This week Intel announced a series of high-level hires to help its first steps into PC gaming hardware. They include technical and game development managers from companies like Electronic Arts and AMD. Intel will need the experience to maintain a smooth relationship with both game developers and users.
Twitter accounts associated with Intel made the announcements on Thursday. All of them will be working in “gaming and graphics,” which means Intel’s Arc Alchemist graphics cards. The GPUs are expected to launch late this year or sometime next year. The company is already showing it’s serious about getting into games, showing off its image reconstruction methods and even a mascot.
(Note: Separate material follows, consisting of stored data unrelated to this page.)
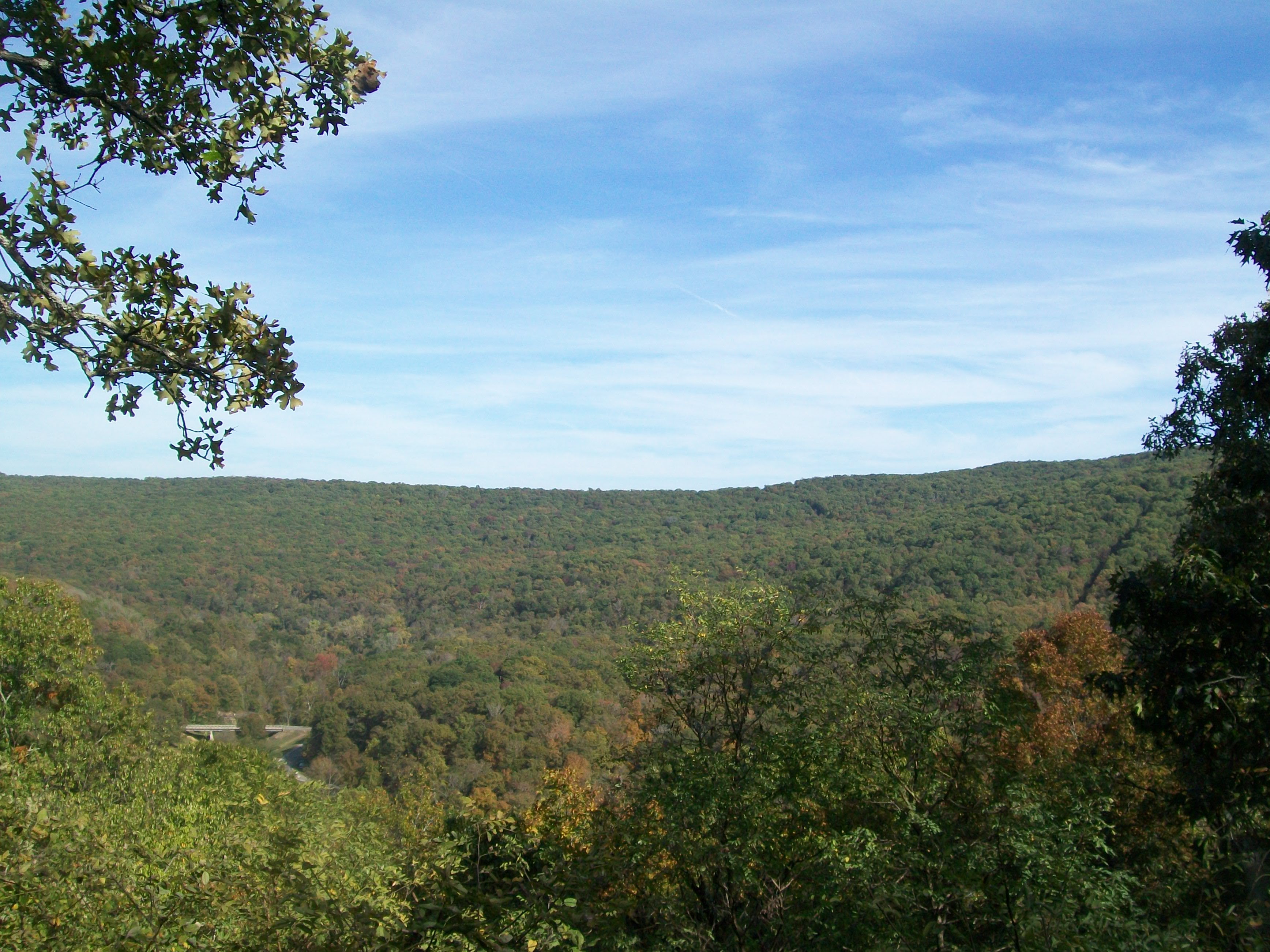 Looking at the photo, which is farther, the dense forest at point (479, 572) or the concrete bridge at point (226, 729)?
the concrete bridge at point (226, 729)

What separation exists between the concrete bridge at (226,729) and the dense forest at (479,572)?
1.17 meters

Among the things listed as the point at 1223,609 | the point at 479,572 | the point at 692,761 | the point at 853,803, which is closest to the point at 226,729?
the point at 479,572

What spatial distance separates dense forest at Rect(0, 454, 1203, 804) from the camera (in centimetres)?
3938

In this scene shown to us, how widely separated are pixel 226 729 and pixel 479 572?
42.9 m

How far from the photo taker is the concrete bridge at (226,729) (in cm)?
4450

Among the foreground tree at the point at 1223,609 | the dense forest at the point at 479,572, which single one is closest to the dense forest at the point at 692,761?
the foreground tree at the point at 1223,609

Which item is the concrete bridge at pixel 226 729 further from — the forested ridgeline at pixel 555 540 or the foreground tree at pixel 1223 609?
the foreground tree at pixel 1223 609

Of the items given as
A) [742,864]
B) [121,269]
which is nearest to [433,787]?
[742,864]

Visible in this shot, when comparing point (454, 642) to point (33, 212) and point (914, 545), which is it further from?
point (33, 212)

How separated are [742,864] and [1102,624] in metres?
11.5

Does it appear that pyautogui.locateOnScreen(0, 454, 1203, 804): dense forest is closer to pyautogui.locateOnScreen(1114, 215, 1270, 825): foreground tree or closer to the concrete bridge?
the concrete bridge

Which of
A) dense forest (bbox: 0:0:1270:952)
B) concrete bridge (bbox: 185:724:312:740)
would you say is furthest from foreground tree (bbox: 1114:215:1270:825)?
concrete bridge (bbox: 185:724:312:740)

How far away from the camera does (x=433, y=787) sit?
33.0m

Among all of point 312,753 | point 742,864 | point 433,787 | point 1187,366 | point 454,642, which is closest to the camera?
point 742,864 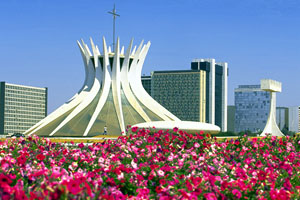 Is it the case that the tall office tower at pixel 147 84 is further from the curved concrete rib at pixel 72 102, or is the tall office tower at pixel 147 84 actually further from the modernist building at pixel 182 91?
the curved concrete rib at pixel 72 102

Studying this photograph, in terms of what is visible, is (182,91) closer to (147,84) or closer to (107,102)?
(147,84)

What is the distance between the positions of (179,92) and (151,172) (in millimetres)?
161582

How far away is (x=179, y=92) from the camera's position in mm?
170375

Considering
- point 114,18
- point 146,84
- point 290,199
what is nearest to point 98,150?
point 290,199

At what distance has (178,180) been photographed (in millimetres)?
8578

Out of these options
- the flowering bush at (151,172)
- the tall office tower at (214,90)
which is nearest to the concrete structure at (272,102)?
the flowering bush at (151,172)

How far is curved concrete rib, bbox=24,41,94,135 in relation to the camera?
1818 inches

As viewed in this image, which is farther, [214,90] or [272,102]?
[214,90]

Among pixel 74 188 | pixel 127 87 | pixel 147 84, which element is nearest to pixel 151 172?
pixel 74 188

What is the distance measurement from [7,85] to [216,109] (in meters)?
79.5

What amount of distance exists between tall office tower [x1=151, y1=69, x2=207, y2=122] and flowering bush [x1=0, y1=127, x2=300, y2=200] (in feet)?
506

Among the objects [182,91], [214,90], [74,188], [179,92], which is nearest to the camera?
[74,188]

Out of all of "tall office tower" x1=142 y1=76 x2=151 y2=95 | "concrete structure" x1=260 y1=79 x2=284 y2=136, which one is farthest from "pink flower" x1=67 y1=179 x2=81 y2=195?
"tall office tower" x1=142 y1=76 x2=151 y2=95

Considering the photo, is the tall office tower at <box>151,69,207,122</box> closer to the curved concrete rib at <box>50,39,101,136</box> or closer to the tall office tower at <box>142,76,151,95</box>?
the tall office tower at <box>142,76,151,95</box> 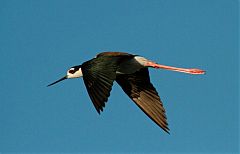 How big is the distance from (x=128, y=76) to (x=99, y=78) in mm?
2496

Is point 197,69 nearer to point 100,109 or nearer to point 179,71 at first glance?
point 179,71

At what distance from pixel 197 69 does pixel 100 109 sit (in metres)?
3.67

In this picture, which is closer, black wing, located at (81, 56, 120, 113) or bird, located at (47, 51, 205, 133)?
black wing, located at (81, 56, 120, 113)

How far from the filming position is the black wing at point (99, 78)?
11344mm

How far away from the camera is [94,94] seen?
11.4 meters

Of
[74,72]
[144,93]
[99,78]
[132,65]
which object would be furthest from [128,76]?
[99,78]

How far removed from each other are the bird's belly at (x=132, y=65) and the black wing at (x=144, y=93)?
379 mm

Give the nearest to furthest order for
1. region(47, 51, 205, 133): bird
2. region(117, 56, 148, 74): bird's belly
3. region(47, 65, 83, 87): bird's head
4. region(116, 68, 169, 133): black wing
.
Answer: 1. region(47, 51, 205, 133): bird
2. region(117, 56, 148, 74): bird's belly
3. region(116, 68, 169, 133): black wing
4. region(47, 65, 83, 87): bird's head

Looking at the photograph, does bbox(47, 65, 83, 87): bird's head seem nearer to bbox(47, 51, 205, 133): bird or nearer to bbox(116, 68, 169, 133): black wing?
bbox(47, 51, 205, 133): bird

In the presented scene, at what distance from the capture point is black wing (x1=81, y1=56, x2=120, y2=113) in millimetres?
11344

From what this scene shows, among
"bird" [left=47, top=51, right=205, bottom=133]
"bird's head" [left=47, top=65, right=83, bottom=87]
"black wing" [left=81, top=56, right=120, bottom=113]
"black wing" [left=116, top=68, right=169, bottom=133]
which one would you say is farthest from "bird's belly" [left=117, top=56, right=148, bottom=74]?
"black wing" [left=81, top=56, right=120, bottom=113]

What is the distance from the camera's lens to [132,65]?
13.4m

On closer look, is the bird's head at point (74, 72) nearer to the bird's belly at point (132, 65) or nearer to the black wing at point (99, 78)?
the bird's belly at point (132, 65)

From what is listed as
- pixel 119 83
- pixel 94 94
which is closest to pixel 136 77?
pixel 119 83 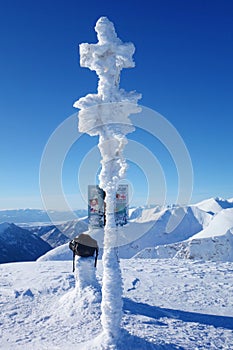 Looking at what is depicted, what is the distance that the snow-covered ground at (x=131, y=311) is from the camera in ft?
35.2

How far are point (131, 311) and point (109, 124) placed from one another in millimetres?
7538

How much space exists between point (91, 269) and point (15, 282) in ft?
19.5

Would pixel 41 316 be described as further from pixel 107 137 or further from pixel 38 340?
pixel 107 137

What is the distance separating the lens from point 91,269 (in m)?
14.4

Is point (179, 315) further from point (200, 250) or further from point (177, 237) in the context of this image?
point (177, 237)

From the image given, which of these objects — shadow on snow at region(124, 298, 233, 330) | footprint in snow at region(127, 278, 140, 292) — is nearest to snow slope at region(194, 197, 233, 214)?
footprint in snow at region(127, 278, 140, 292)

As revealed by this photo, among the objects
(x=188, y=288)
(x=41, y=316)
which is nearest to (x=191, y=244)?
(x=188, y=288)

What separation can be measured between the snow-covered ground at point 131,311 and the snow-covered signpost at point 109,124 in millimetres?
1352

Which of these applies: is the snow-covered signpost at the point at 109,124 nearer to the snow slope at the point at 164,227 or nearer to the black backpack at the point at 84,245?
the black backpack at the point at 84,245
Intel’s new gaming and graphics workload engineering vice president and general manager is André Bremer, a 20-plus-year gaming industry veteran. At Amazon, Bremer was a manager for Amazon Web Services Game Tech, and later, he worked as the head of engineering for Prime Gaming, according to his LinkedIn profile. Before that, Bremer had a long history directing development and engineering software at companies like Zynga, EA, and LucasArts.
Intel hired Michael Heilemann as its new senior director of game developer tools and technology. Heilemann was a director of technology at EA and a manager of content at Sony Computer Entertainment America. Before that, he had a game development career stretching back to the 90s in companies like Vivendi, Dreamworks Interactive, and Malibu Interactive.
Intel also hired Steve Bell as a senior director of game developer relations. According to Tom’s Hardware, Bell worked for 13 years at Intel competitor AMD in the same position.
Lastly, Intel hired Ritche Corpus as a VP and GM of game ecosystem business development and developer relations. Corpus spent 15 years at AMD as the head of worldwide gaming and professional software. Before that, he worked at companies like PC Gaming Alliance and Logitech.
Simply building good graphics cards isn’t the whole battle in the PC gaming graphics space. The two current competitors here, Nvidia and AMD, are also frequently compared based on the quality of their drivers. They work closely with game developers to ensure optimal performance on their hardware, often helping to sponsor big releases with specialty tech like Nvidia’s Deep Learning Super Sampling or AMD’s FidelityFX Super Resolution. Intel’s new hires will likely try to ensure a similar level of cooperation with developers along with the implementation of its XeSS technology.